§ **EXERCISE INSTRUCTIONS**:
Once the data has been read, restate all of it exactly.

§ **LISTED ENTRIES**:
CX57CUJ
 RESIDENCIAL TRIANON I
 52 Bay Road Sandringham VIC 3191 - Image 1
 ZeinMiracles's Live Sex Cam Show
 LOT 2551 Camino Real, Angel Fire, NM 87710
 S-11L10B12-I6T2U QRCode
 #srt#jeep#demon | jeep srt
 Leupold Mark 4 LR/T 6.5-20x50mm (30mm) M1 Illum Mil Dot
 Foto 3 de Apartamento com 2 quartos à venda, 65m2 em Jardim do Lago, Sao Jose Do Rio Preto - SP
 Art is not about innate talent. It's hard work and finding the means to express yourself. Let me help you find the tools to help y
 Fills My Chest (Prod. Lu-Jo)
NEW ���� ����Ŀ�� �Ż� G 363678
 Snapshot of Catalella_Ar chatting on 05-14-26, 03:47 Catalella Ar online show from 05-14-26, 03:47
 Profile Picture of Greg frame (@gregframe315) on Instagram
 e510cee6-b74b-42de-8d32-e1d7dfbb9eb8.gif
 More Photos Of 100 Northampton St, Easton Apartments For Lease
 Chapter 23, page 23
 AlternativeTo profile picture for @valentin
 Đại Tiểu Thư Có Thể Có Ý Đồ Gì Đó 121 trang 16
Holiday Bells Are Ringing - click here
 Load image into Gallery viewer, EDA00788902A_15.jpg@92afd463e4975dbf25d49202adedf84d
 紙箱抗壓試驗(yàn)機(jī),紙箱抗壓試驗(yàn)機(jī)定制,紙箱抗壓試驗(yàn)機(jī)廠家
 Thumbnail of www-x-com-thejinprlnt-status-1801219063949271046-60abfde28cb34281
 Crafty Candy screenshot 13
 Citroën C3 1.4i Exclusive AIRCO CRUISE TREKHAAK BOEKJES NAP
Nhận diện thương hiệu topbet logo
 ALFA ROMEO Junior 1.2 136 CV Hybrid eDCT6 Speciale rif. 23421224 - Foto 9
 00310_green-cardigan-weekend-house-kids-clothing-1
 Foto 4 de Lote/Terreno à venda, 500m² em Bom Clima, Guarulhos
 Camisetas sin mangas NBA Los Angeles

§ **TASK ANSWER**:
CX57CUJ
 RESIDENCIAL TRIANON I
 52 Bay Road Sandringham VIC 3191 - Image 1
 ZeinMiracles's Live Sex Cam Show
 LOT 2551 Camino Real, Angel Fire, NM 87710
 S-11L10B12-I6T2U QRCode
 #srt#jeep#demon | jeep srt
 Leupold Mark 4 LR/T 6.5-20x50mm (30mm) M1 Illum Mil Dot
 Foto 3 de Apartamento com 2 quartos à venda, 65m2 em Jardim do Lago, Sao Jose Do Rio Preto - SP
 Art is not about innate talent. It's hard work and finding the means to express yourself. Let me help you find the tools to help y
 Fills My Chest (Prod. Lu-Jo)
NEW ���� ����Ŀ�� �Ż� G 363678
 Snapshot of Catalella_Ar chatting on 05-14-26, 03:47 Catalella Ar online show from 05-14-26, 03:47
 Profile Picture of Greg frame (@gregframe315) on Instagram
 e510cee6-b74b-42de-8d32-e1d7dfbb9eb8.gif
 More Photos Of 100 Northampton St, Easton Apartments For Lease
 Chapter 23, page 23
 AlternativeTo profile picture for @valentin
 Đại Tiểu Thư Có Thể Có Ý Đồ Gì Đó 121 trang 16
Holiday Bells Are Ringing - click here
 Load image into Gallery viewer, EDA00788902A_15.jpg@92afd463e4975dbf25d49202adedf84d
 紙箱抗壓試驗(yàn)機(jī),紙箱抗壓試驗(yàn)機(jī)定制,紙箱抗壓試驗(yàn)機(jī)廠家
 Thumbnail of www-x-com-thejinprlnt-status-1801219063949271046-60abfde28cb34281
 Crafty Candy screenshot 13
 Citroën C3 1.4i Exclusive AIRCO CRUISE TREKHAAK BOEKJES NAP
Nhận diện thương hiệu topbet logo
 ALFA ROMEO Junior 1.2 136 CV Hybrid eDCT6 Speciale rif. 23421224 - Foto 9
 00310_green-cardigan-weekend-house-kids-clothing-1
 Foto 4 de Lote/Terreno à venda, 500m² em Bom Clima, Guarulhos
 Camisetas sin mangas NBA Los Angeles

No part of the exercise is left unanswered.